This dataset differs to the previous one only in the gold label field. Whereas dataset 3 includes in that field labels with a score different from 0, this one only does if it is higher than 2. NaN values mean that the fields are equal. Around 100 entries (not necessarily the same ones) have the same labels for both multimodal and text only labels.

In [None]:
print(df3.compare(df4).isnull().sum())
df3.compare(df4)

Given all this both the third and fourth datasets are suitable for further analysis but it could also be helpful to merge the two by keeping both columns. The label column names are also renamed for future convenience.

In [None]:
df3["label_M_gold_main"] = df4["M_gold_multi_label"]
df3["label_M_gold_multi"] = df3["M_gold_multi_label"]

df3["label_T_gold_main"] = df4["T_gold_multi_label"]
df3["label_T_gold_multi"] = df3["T_gold_multi_label"]

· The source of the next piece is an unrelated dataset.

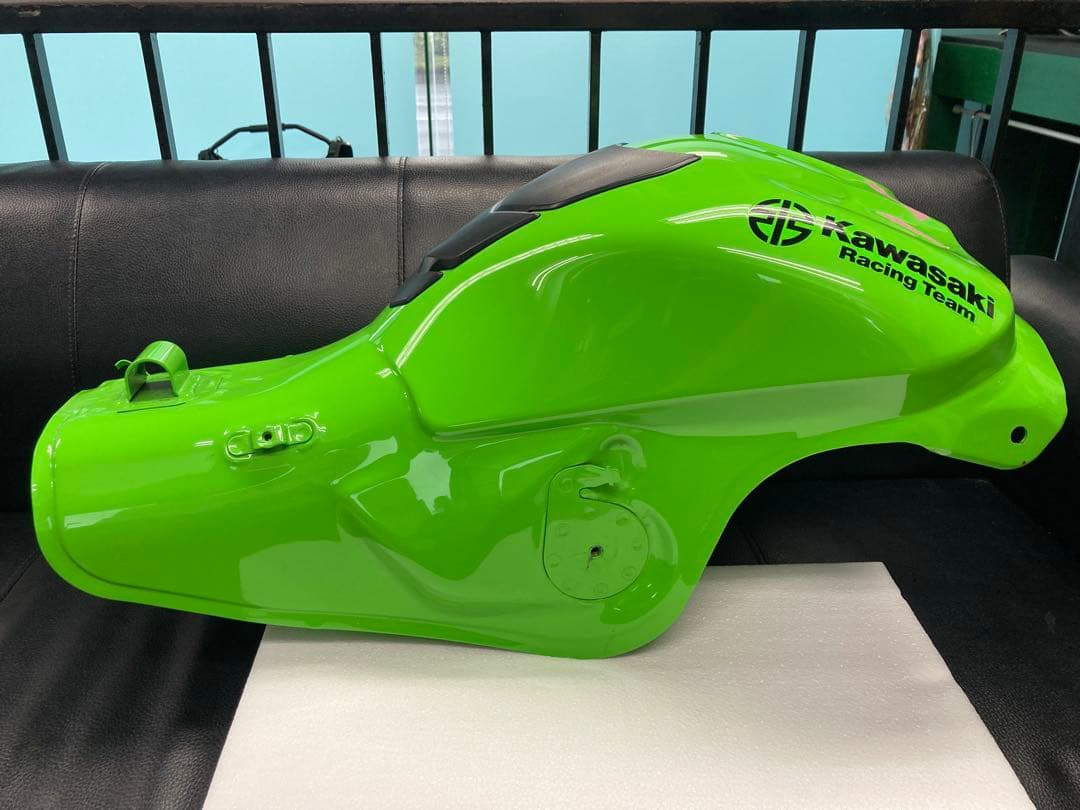 Kawasaki ZX-10R 純正タンク 2023年式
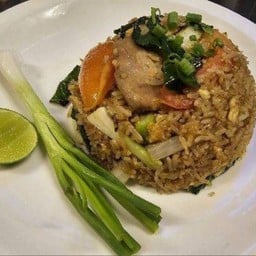ข้าวผัดหมู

df3 = df3.drop(columns = ["M_gold_multi_label", "T_gold_multi_label"])

# Cleaning up the dataset
Some of the columns are not useful for the task so they can be dropped. First of all, any field relating to the user who posted the tweet can be dropped. There are also many fields which have a single value across all entries, some of them being simply null.<br>

In [None]:
df3 = df3.drop(columns=["name", "user_id", "user_id_str", "user_rt", "user_rt_id", "username",
                    "video", "translate", "trans_dest", "trans_src", "timezone", "geo", "hour", "day", "near",
                    "created_at", "retweet", "retweet_date", "retweet_id", "reply_to", "source", "place"])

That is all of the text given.